Les belles auront la folie en tête

Et les amoureux du soleil au cœur

Quand nous chanterons le temps des cerises

Sifflera bien mieux le merle moqueur

Mais il est bien court le temps des cerises

Où l'on s'en va deux cueillir en rêvant

Des pendants d'oreille...

Cerises d'amour aux robes pareilles (vermeilles)

Tombant sous la feuille (mousse) en gouttes de sang...

Mais il est bien court le temps des cerises

Pendants de corail qu'on cueille en rêvant !

Quand vous en serez au temps des cerises

Si vous avez peur des chagrins d'amour

Évitez les belles!

Moi qui ne crains pas les peines cruelles

Je ne vivrai pas (point) sans souffrir un jour...

Quand vous en serez au temps des cerises

Vous aurez aussi des chagrins (peines) d'amour !
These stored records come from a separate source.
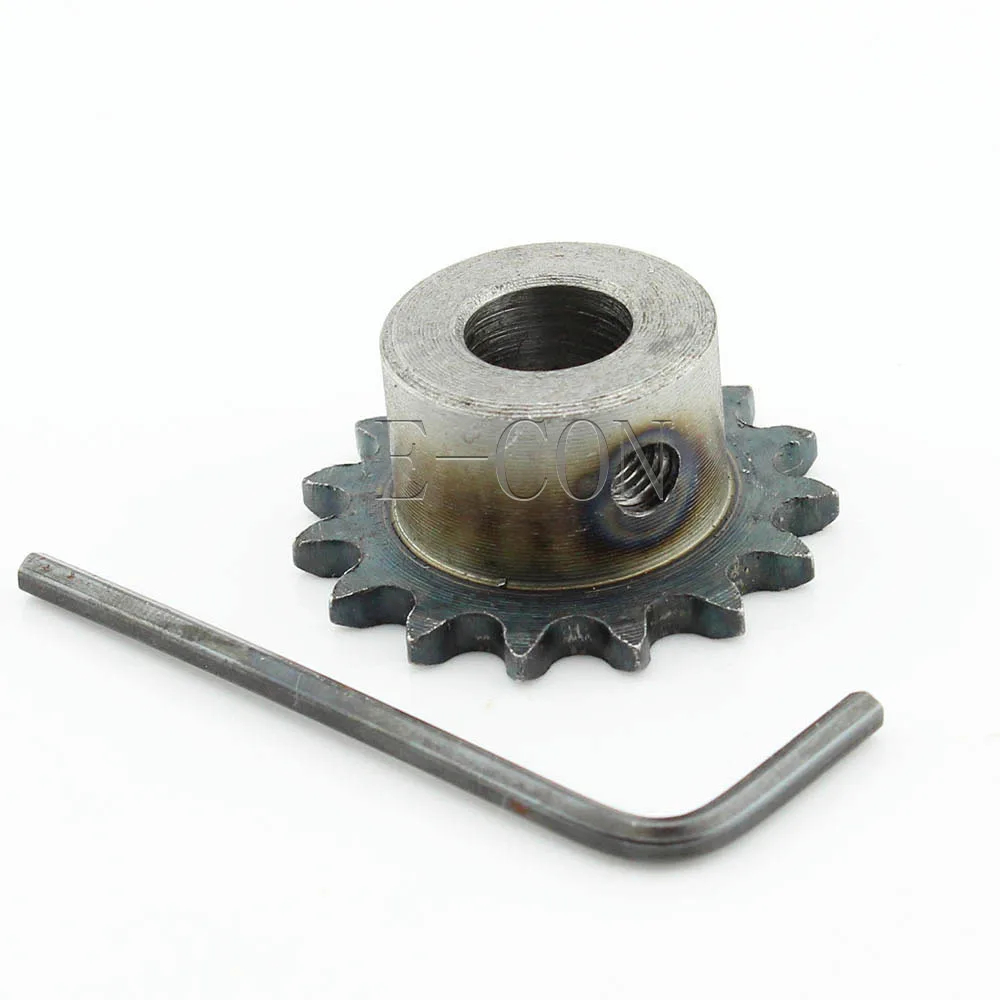 1 PCS 04C 15 Teeth Sprocket Bore 10mm Metal Pilot Motor Gear Roller Chain Drive 25H 15T 2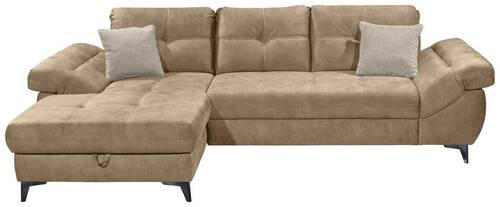 ECKSOFA in Mikrovelours Creme  - Silberfarben/Creme, KONVENTIONELL, Kunststoff/Textil (170/288cm) - MID.YOU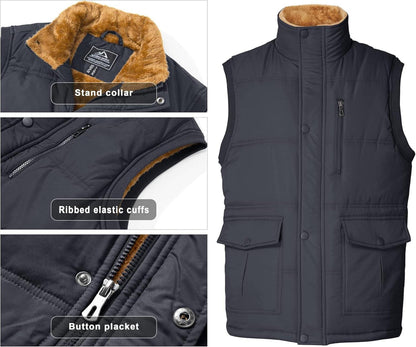 Winterweste Herren Gefüttert Outdoor Fleeceweste Stehkragen Taschen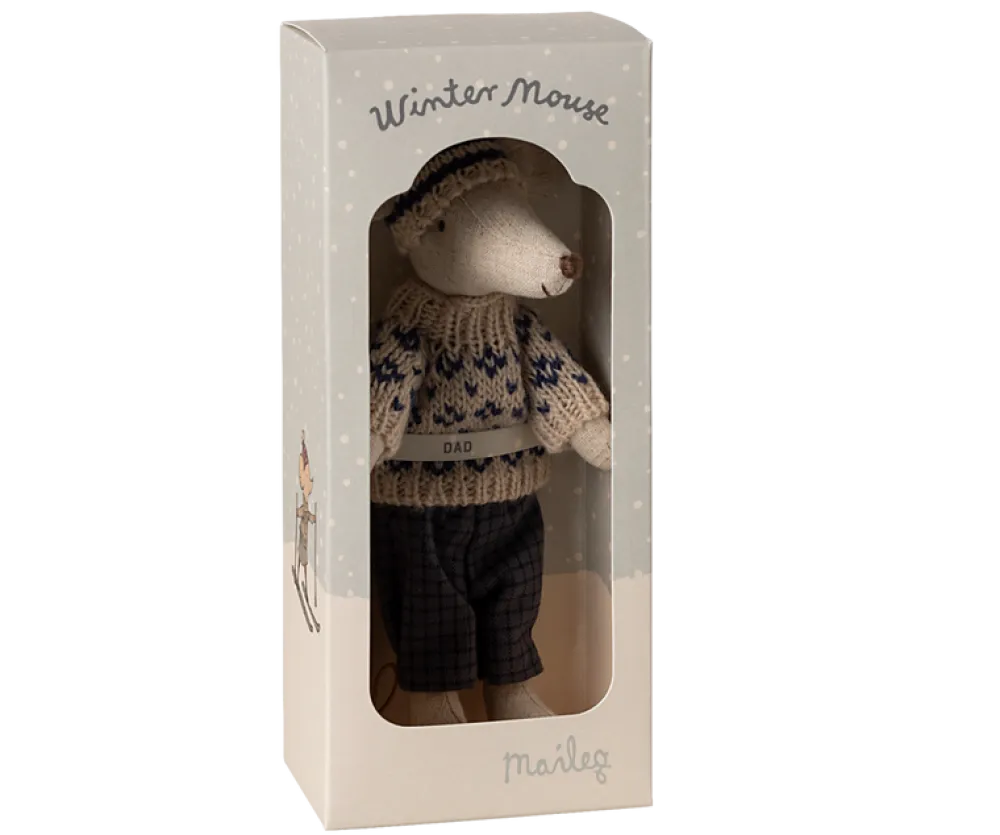 Maileg Winter Mouse with Ski Set, Dad (Blue)- Maileg|Toys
J'aimerai toujours le temps des cerises

C'est de ce temps-là que je garde au cœur

Une plaie ouverte !

Et Dame Fortune, en m'étant offerte

Ne pourra jamais calmer (fermer) ma douleur...

J'aimerai toujours le temps des cerises

Et le souvenir que je garde au cœur !

== See also ==
- List of socialist songs

== Appearances in other media ==
- In the movie Porco Rosso, Madame Gina sings "Le Temps des cerises" in the cabaret.